The actions undertaken by the coal miners to demonstrate can be considered as civil disobedience. However, inadequate salaries, poor working conditions, and alienation of their land contributed to their hostility. Despite breaking the law, the actions undertaken by the coal miners are justifiable in the ethical issues. The profits derived from their hard work by the companies did not benefit them and the mistreatment they received can be termed as human slavery.
The coal mining industry owners violated human rights by subjecting their workers to harsh working conditions. The leased working pieces of equipment utilized by the miners were not adequate for the work in the mines. Instead of appreciating the workers for being loyal to the contracts, the company owners took advantage of them. The workers resulted in nullifying the contracts they had signed with the company. Violation of agreements is a civil wrong punishable by law. However, the conditions of the contracts were only favoring the company.

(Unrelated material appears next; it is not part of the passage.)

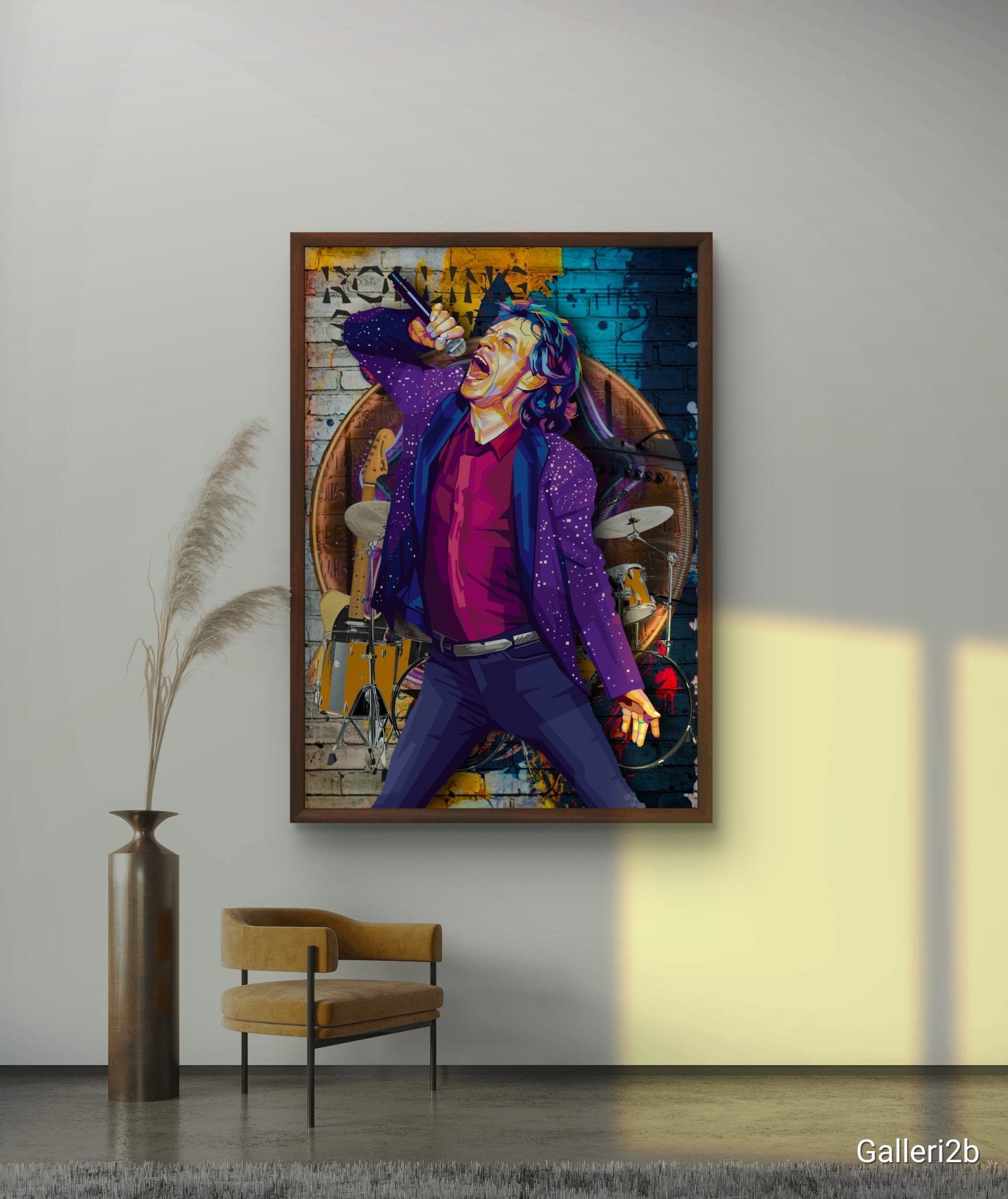 Bilde av Torbjørn Endrerud "Mick Jagger" laget av Torbjørn Endrerud, popart kunst fra Galleri2b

Natural resources reserves in the mountain region of the State of Virginia made foreign coal companies to evict the natives from their land (Hellen 33). The companies were allowed to build their mining industry in the land without considering the original inhabitants. Despite being their resources, the citizens of Virginia did not benefit from the resources. They were forced to move from the mountains and settle in areas without mineral deposits.
The Natural resources originally belonged to the coal miners. However, after the invasion of their land by foreign companies, they were forced to offer cheap labor. The houses constructed by the firms for the cite workers were in poor conditions and the residents were harassed and forced out in case of a strike. Land alienation by the rich from the poor with the support of the local government angered the citizens of Virginia leading to the emergence of the uprising.
The actions undertaken by the rioting coal miners are justifiable in the literature context. Subjecting human beings to harsh working conditions and poor pay often results in revolts. Massive killings witnessed during the Blair Mountain war cannot be entirely blamed on the coal workers. However, the provocations witnessed by both the government and their employers were the major reason for the unruly state witnessed. The uprising led by the Revered (Hennen 3) who is supposed to be the spiritual leader indicates that they were pushed beyond their elastic limits.
The killing of heroes who dared to oppose the company's policies by hired security personnel and the government officials mandated with protecting the rights of the citizen was a major reason for the revolt. The Sheriff and his deputies hired militias to terrorize the workers leading to chaos. The strike would have been peaceful demonstrations if the company and the local authorities allowed the workers to exercise their rights freely. However, using excessive force every time the workers demonstrated led to the adoption of a violent method of airing their grievances. While the use of weapons and war tactics to curb labor-related issues was not the best cause of action, the benefits derived from it were more than losses suffered by the coal miners.
Hennen, John. "The Battle of Blair Mountain: The Story of America's Largest Labor Uprising." (2006): 1468-1469.
Stumpf, Samuel Enoch. Socrates to Sartre: A history of philosophy. New York: McGraw-Hill, 1993.